What happens if the full model has the smallest AIC? Suppose I am modelling a binary outcome $y$ with $n$ covariates. If this model has the lowest AIC among all the other ones...would this be the one to use? Also in dealing with categorical variables, should you delete all levels or none? For example suppose a categorical variable $z$ has the following levels: $z_1, z_2$ and $z_3$. If $z_1$ is the reference level then I include $z_2$ and $z_3$ in the model.

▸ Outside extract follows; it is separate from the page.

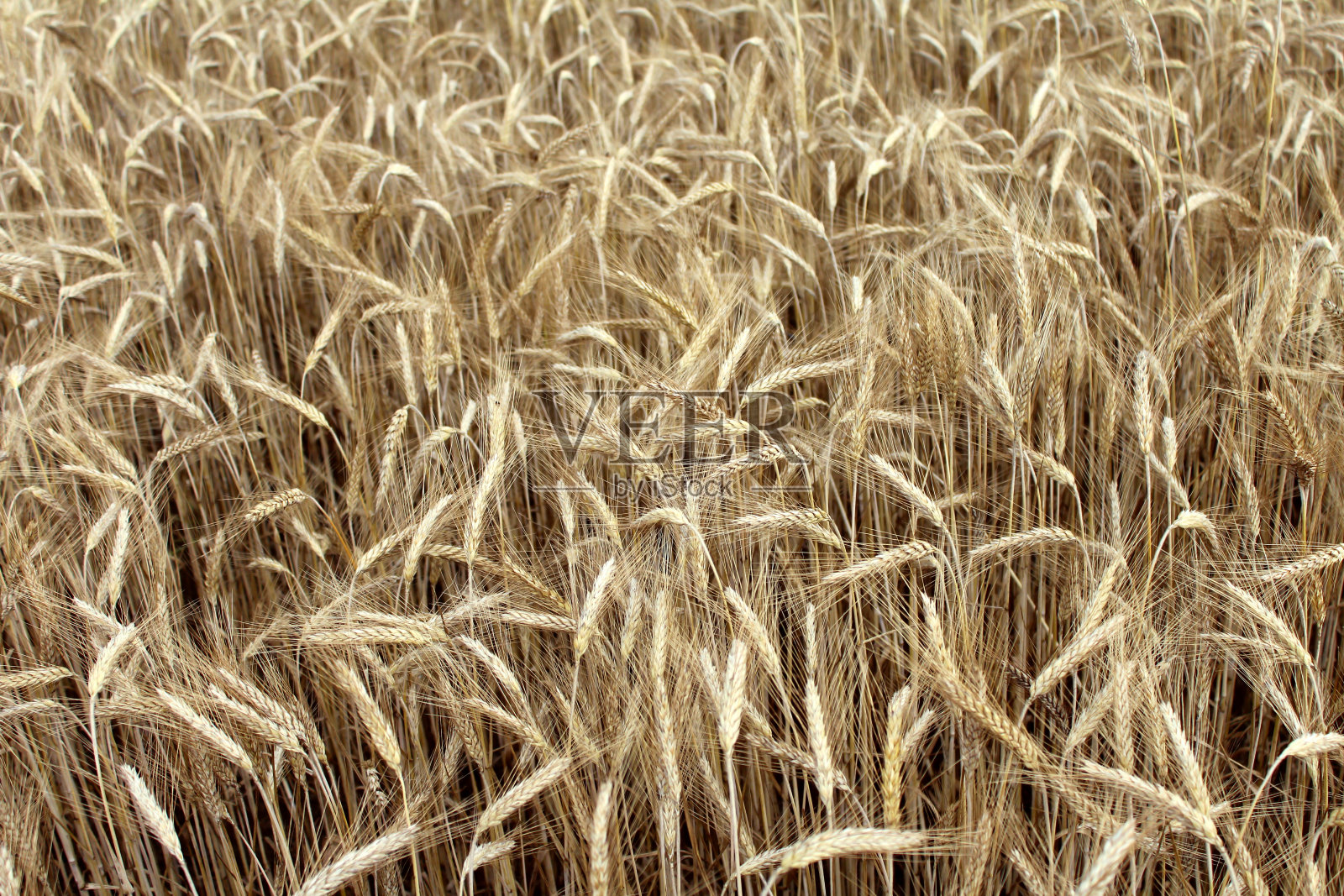 夏天的麦田照片摄影图片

If I don't want to include the variable $z$ in the model....would I delete both $z_2$ and $z_3$? Or could I include one of them?
 A: You are implying that it is good to remove variables/levels from a model.  Using $Y$ to help decide how to model $X$ results in biased $\beta$s, standard errors that are too small, $P$-values that are too small, and confidence intervals that are too narrow.  In the case of OLS it also results in an estimate of $\sigma^2$ that is too small.  Removing levels of categorical predictors is another multiple comparisons problem.  Think about doing an ANOVA on a 5-level factor then doing $t$-tests to decide which levels to pool, then doing an ANOVA on 3 levels (this is almost exactly what you are implying should be done through the use of dummy variables).  The first ANOVA has a perfect multiplicity adjustment built into it, and the second will not come close to preserving type I error.
A: The AIC (and other, similar metrics) cannot tell you definitively which model to use, but is a very helpful guideline.  In general, if the AIC for the full model is lowest, and if the AIC for other possible models is not really in the same ballpark, then there is a strong case to be made that the full model is the appropriate one.  
As for factors, a factor with l levels burns l-1 degrees of freedom.  These levels / parameters should be treated as a unit (e.g., tested together when testing a nested model without that factor vs. the model with that factor).  If you decide to drop a factor from the model, you drop all the levels.  Since a factor is represented by l-1 dummy coded vectors, that means you drop those l-1 predictors from the model, in your example, z2 and z3.